The brain man
BY: JEANNE WHALEN From: The Wall Street Journal November 19, 2012
SOME people collect stamps, others vintage cars. As a young PhD student at the University of Cambridge in the 1980s, Claude Wischik was on a mission to collect brains.
It wasn't easy. At the time, few organ banks kept entire brains. But Wischik, an Australian who was in his early 30s at the time, was trying to answer a riddle still puzzling the scientific community: what causes Alzheimer's disease?..
In his lifelong investigation, Wischik has backed a minority scientific view that a protein called tau - which forms twisted fibres known as tangles inside the brain cells of Alzheimer's patients - is largely responsible for driving the disease...

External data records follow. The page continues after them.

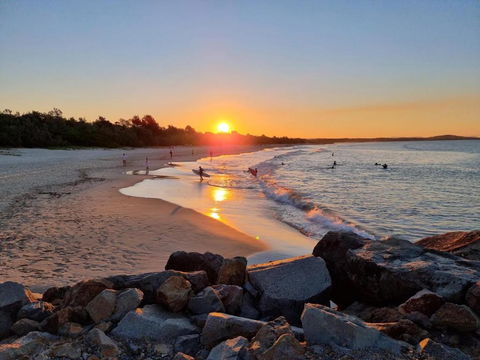 Halse Lodge - Accommodation Australia 3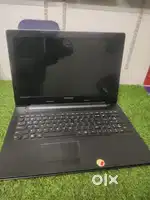 Fresh laptop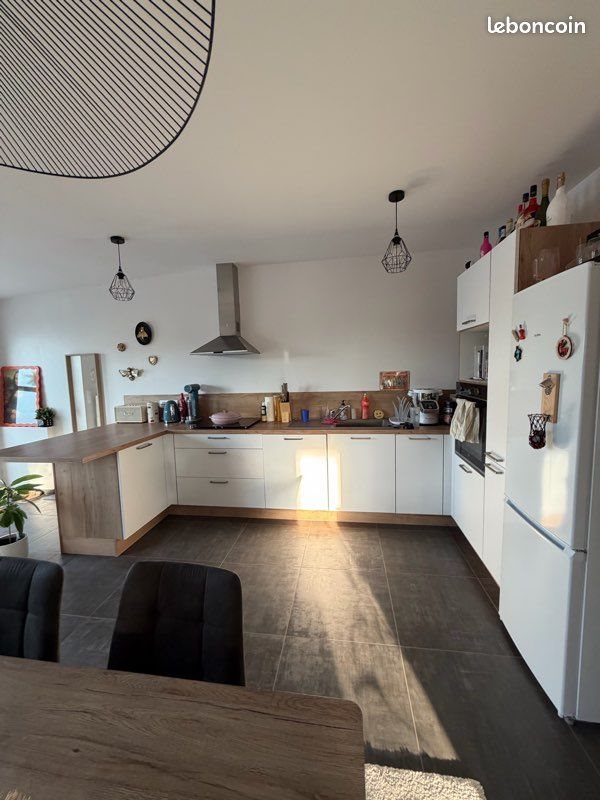Appartement à louer, 70m², Bernwiller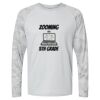 Cayman Performance Camo Colorblock Long Sleeve T-Shirt Thumbnail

The company Wischik co-founded 10 years ago, TauRx Pharmaceuticals, is based in Singapore but conducts most of its research in Scotland, where he now lives. As his tau effort was launched, early tests of drugs designed to attack amyloid plaques were disappointing...
In 2004 TauRx began a clinical trial of its drug, called methylene blue, in 332 Alzheimer's patients...
But TauRx did not publish a full set of data from the trial and this led to some scepticism among researchers. (Wischik says it didn't protect the company's commercial interests.)
What's more, a higher, 100mg dose of the drug didn't produce the same positive effects in patients. Wischik blames this on the way the 100mg dose was formulated and says the company is testing a tweaked version of the drug in its new clinical trials, which will begin enrolling patients this year.
With its new clinical trial program under way, TauRx is the first company to test a tau-targeted drug against Alzheimer's in a large human study, known in the industry as a phase 3 trial.
Wischik admits he may be just as much a zealot about tau as he accuses others of being about beta amyloid. "I may be," he says. "In the end ... it's down to the phase three trial."